In her report to the 40th SADC Summit hosted virtually by Mozambique in August 2020, SADC Executive Secretary, Her Excellency Dr Stergomena Lawrence Tax, said at regional level, harmonisation of payments and clearing systems through the SADC-RTGS is ongoing.
The SADC RTGS supports the modernisation and harmonisation of payments and clearing systems both domestically and regionally with the objective of improving safety of payments and efficient settlement and payment processes in the region.
It is also intended to lower transaction costs as it removes the need for correspondent banks. Where transactions previously took two to three days to clear, with SADC-RTGS they are now settled in real-time, subject to availability of funding at the paying bank.
All Member States (except Comoros) are participating in the SADC-RTGS and a total of 85 central banks and commercial banks are also participating in the system. The SADC-RTGS has performed impressively since July 2013 when the system went live, with more than 1.7 million transactions settled as at end of March 2020, representing 6.87 trillion South African rand.

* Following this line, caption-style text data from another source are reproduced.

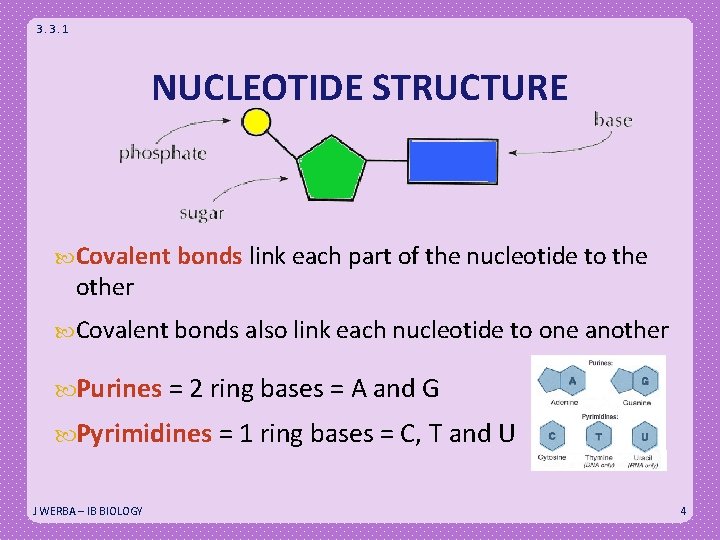 3. 3. 1 NUCLEOTIDE STRUCTURE Covalent bonds link each part of the nucleotide to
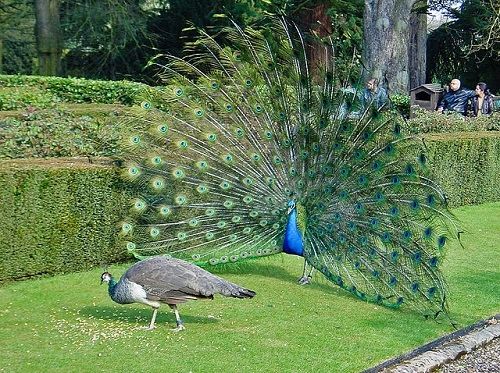 Differences-Between-Peacock-and-Peahen (1).jpg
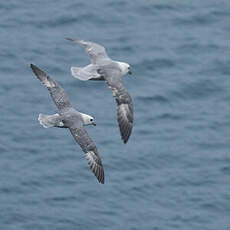 Fulmar boréal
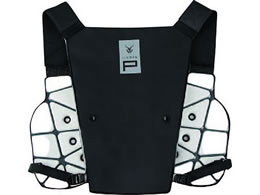 rbO{[ ACX}PCMxXg ICM-PV2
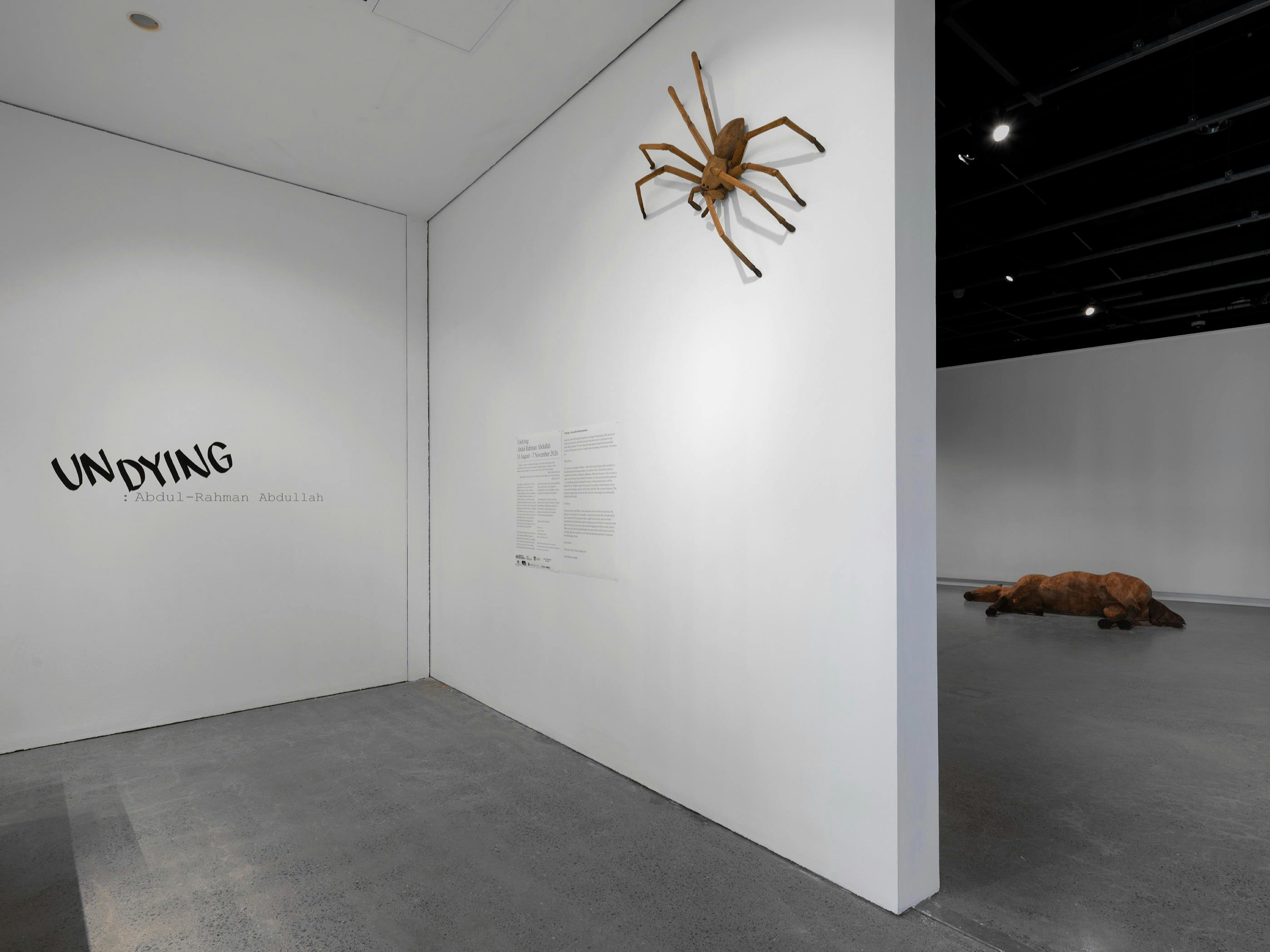 A white gallery entry with a large sculptural huntsman spider climbing on the wall. Text: UNDYING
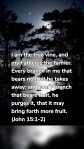I am the true vine, and my Father is the farmer. Every branch in me that bears no fruit he takes away: and every branch that bears fruit, he purges it, that it may bring forth more fruit. (John 15:1-2)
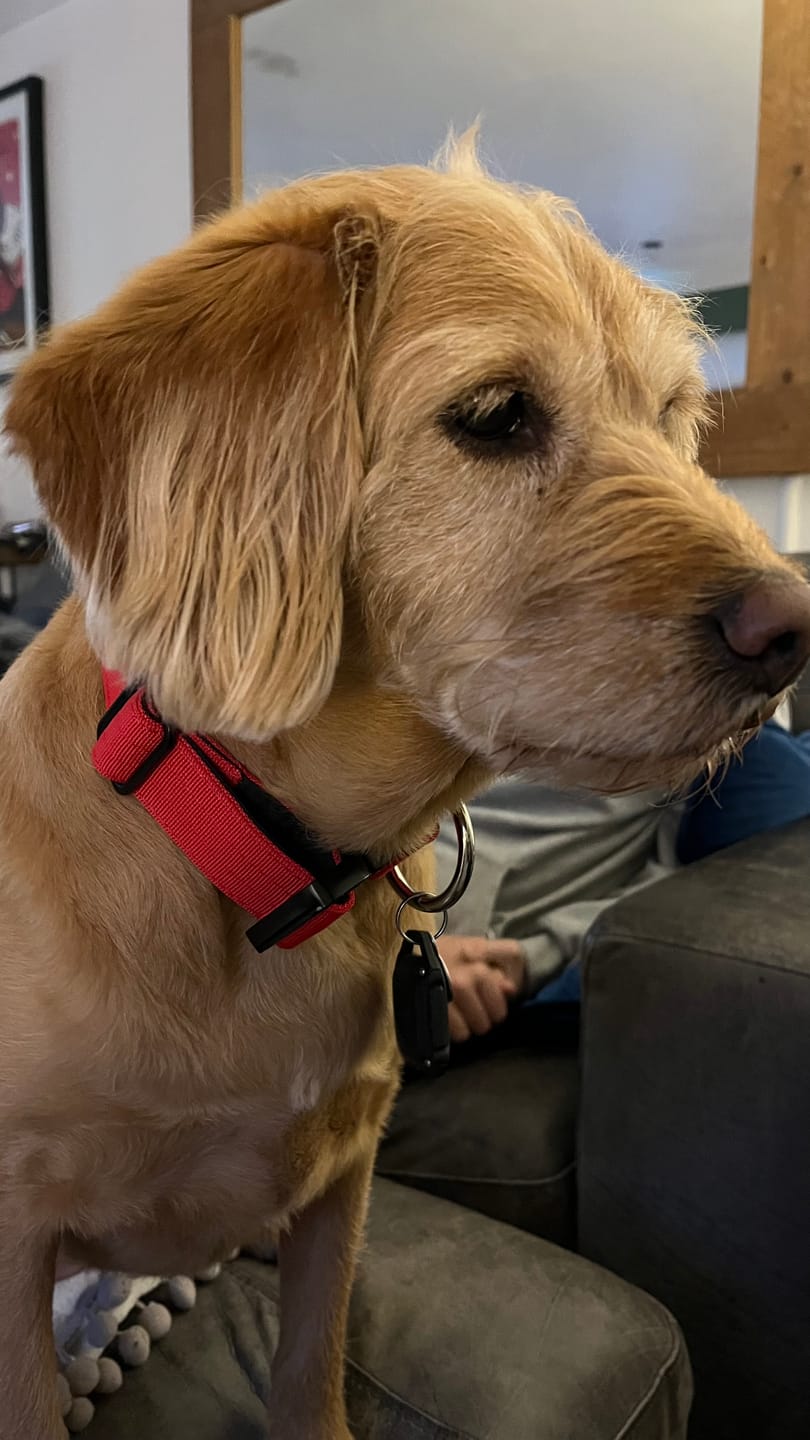 Customer photo review of 4cm Combat® Collar | Handle & Rated Clip - Red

In the area of financial inclusion, 32 percent of adults in the SADC Region are financially excluded, which is around 45.7 million individuals against the target of 25 percent by 2021. Overall levels of financial inclusion vary considerably across the region, from 97 percent in Seychelles to 40 percent in Mozambique.
As per the decision by the Ministers of Finance and Investment at their meeting in Namibia in July 2019, the operationalisation of the SADC Financial Inclusion Subcommittee is ongoing. The main objective is to coordinate the work on financial inclusion and build synergies among the structures dealing with financial inclusion across the region.
With regard to cross border remittances in the region, which are critical for financial inclusion and poverty alleviation, the main objective is to lower the average price of remittances to the consumer, as well as appropriately increase the use of formal channels.
For instance, the cost of cross border remittances has been reduced by 3.6 percentage points from an average of 13 percent per transaction to about 9.4 percent in the corridor between South Africa and Botswana, Eswatini, Lesotho, Malawi, Mozambique, Tanzania, Zambia and Zimbabwe. The challenge is to further reduce these costs to meet the United Nations Sustainable Development Goals target of 3 percent by 2030.
Furthermore, SADC migrants’ resident in South Africa are estimated to remit approximately R21.9 billion home annually, with R11.3 billion (representing 52 percent) transiting through informal channel. Migrants using formal remittance channels are estimated to send as much as R12,000 annually or R1,000 per month while informal remitters send in the order of R550 per month.
Notable progress has also been achieved towards market integration by ensuring Online Mechanism for Reporting, Monitoring and Eliminating Non-Trade Barriers to Trade in the Common Market for Eastern and Southern Africa (COMESA), East African Community (EAC) and SADC are operational and managed by EAC for Tripartite Member States.
To date, seven Member States have ratified the Protocol on Trade in Services. The first round of negotiations was completed in six priority sectors identified in the Protocol. These are communication, finance, tourism and transport services, construction and energy-related services.
The SADC Industrialisation Strategy and Roadmap foresees an increase in manufactured exports to at least 50 percent of total exports by 2030 from less than 20 percent at present and to build market share in the global market for the export of intermediate products to East Asian levels of around 60 per cent of total manufactured exports.
Currently, 13 SADC Member States participate in the FTA while three – Angola, the Comoros, and the Democratic Republic of Congo – are not yet participating. Efforts are being made to consolidate the FTA by bringing these remaining three Member States into the FTA.